* **EXERCISE REQUIREMENTS**: Output only the lines below that start at the line containing "Vintage Print Cami" and end at the line containing "Industrial urban vintage", with both ends kept.

* **DATA FOR THIS EXERCISE**:
####################

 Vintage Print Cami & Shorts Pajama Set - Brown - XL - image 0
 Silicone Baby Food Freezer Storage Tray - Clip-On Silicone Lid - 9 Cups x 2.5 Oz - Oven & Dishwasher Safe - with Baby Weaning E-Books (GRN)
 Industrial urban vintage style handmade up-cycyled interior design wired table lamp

####################

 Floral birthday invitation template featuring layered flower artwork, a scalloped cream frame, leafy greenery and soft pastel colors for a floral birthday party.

####################

* **EXERCISE RESULT**:
 Vintage Print Cami & Shorts Pajama Set - Brown - XL - image 0
 Silicone Baby Food Freezer Storage Tray - Clip-On Silicone Lid - 9 Cups x 2.5 Oz - Oven & Dishwasher Safe - with Baby Weaning E-Books (GRN)
 Industrial urban vintage style handmade up-cycyled interior design wired table lamp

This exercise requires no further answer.